Re: [PATCH v1] mm: zswap: Fix a potential memory leak in zswap_decompress().

Johannes Weiner <hannes@xxxxxxxxxxx> · Wed, 13 Nov 2024 16:30:07 -0500

On Wed, Nov 13, 2024 at 07:12:18PM +0000, Sridhar, Kanchana P wrote:
> I am still thinking moving the mutex_unlock() could help, or at least have
> no downside. The acomp_ctx is per-cpu and it's mutex_lock/unlock
> safeguards the interaction between the decompress operation, the
> sg_*() API calls inside zswap_decompress() and the shared zpool.
> 
> If we release the per-cpu acomp_ctx's mutex lock before the
> zpool_unmap_handle(), is it possible that another cpu could acquire
> it's acomp_ctx's lock and map the same zpool handle (that the earlier
> cpu has yet to unmap or is concurrently unmapping) for a write?
> If this could happen, would it result in undefined state for both
> these zpool ops on different cpu's?

The code is fine as is.

Like you said, acomp_ctx->buffer (the pointer) doesn't change.
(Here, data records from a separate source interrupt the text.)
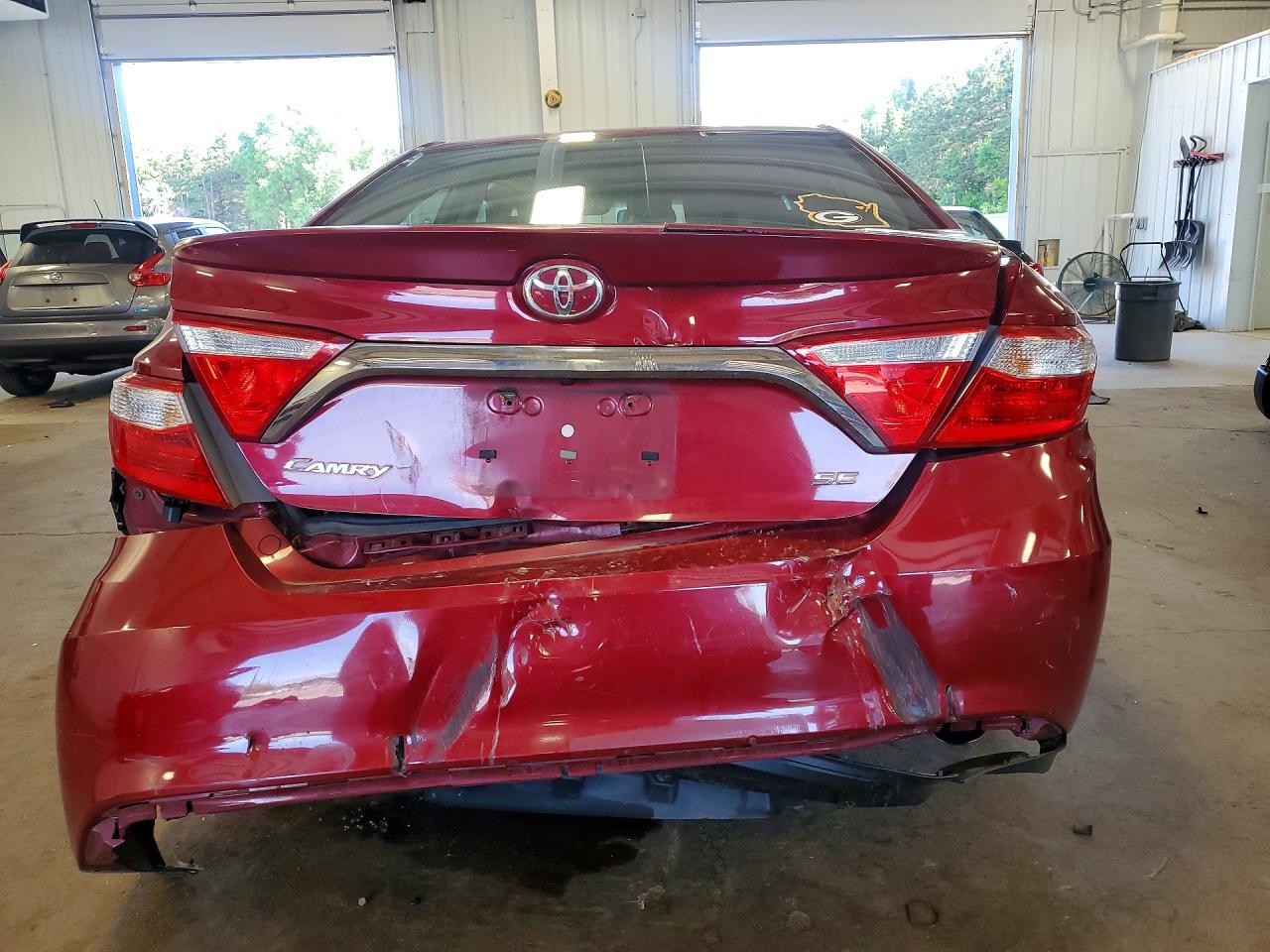 2015 TOYOTA CAMRY
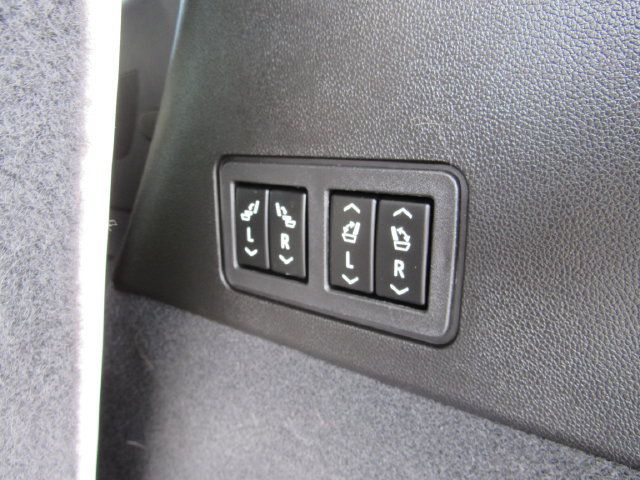 Used 2023 Cadillac XT6 Sport AWD/4WD image 34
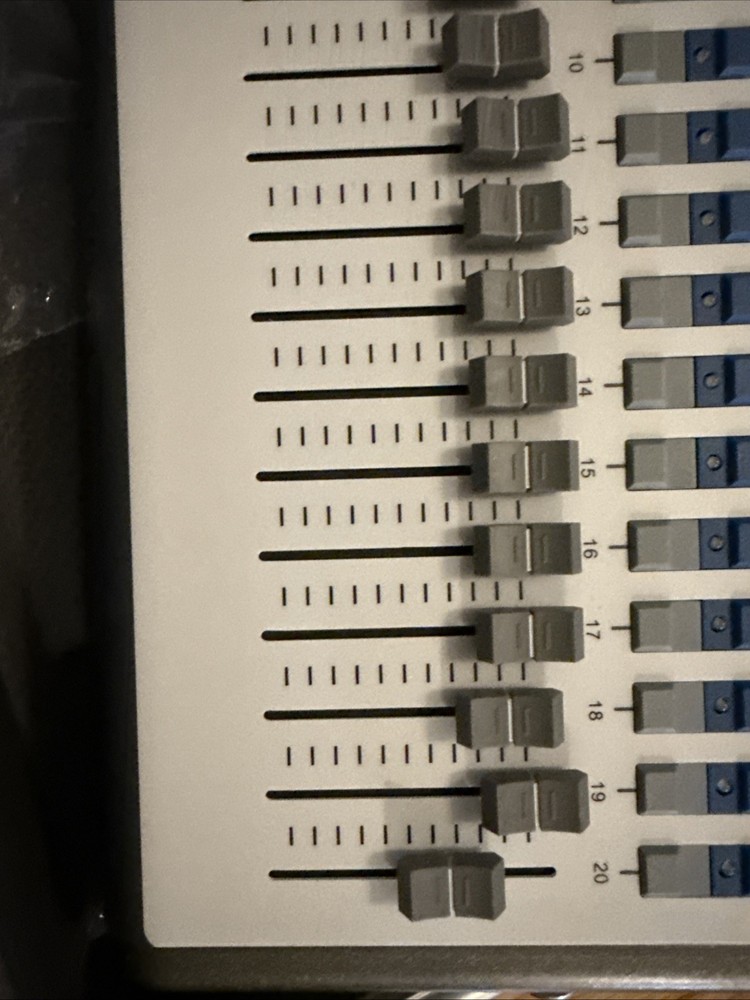 Tiger Touch Fader Wing In Case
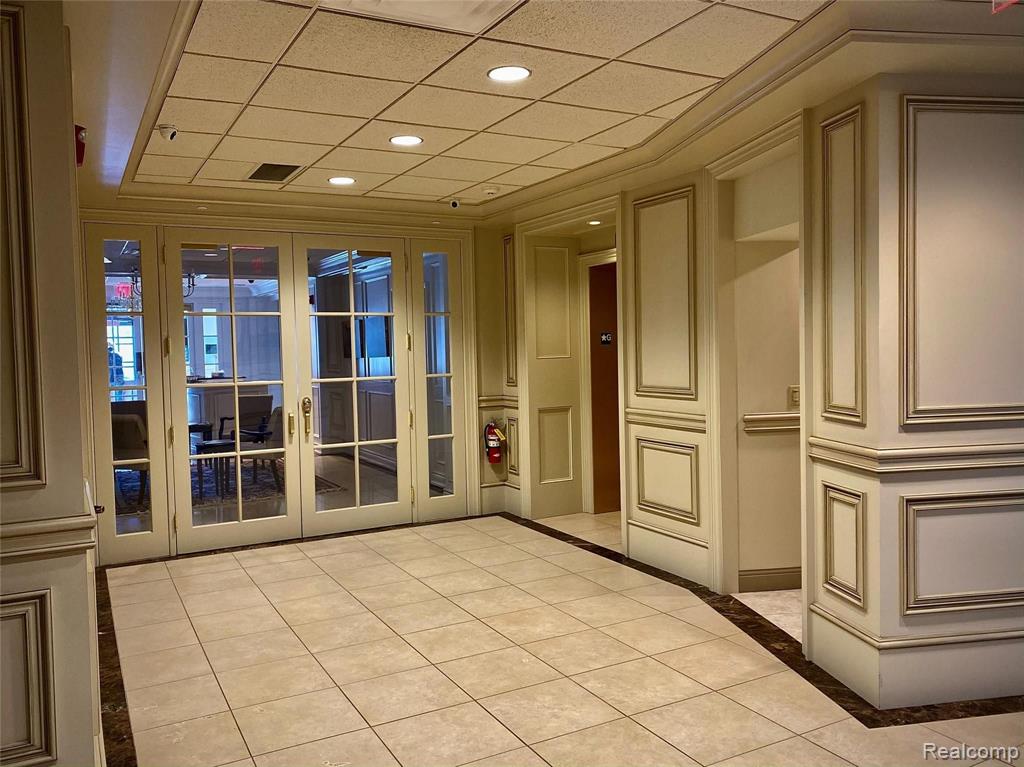 63 Kercheval Avenue Property Photo 10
It
points to whatever was kmalloced in zswap_cpu_comp_prepare(). The
handle points to backend memory. Neither of those addresses can change
under us. There is no confusing them, and they cannot coincide.

The mutex guards the *memory* behind the buffer, so that we don't have
multiple (de)compressors stepping on each others' toes. But it's fine
to drop the mutex once we're done working with the memory. We don't
need the mutex to check whether src holds the acomp buffer address.

That being said, I do think there is a UAF bug in CPU hotplugging.

There is an acomp_ctx for each cpu, but note that this is best effort
parallelism, not a guarantee that we always have the context of the
local CPU. Look closely: we pick the "local" CPU with preemption
enabled, then contend for the mutex. This may well put us to sleep and
get us migrated, so we could be using the context of a CPU we are no
longer running on. This is fine because we hold the mutex - if that
other CPU tries to use the acomp_ctx, it'll wait for us.

However, if we get migrated and vacate the CPU whose context we have
locked, the CPU might get offlined and zswap_cpu_comp_dead() can free
the context underneath us. I think we need to refcount the acomp_ctx.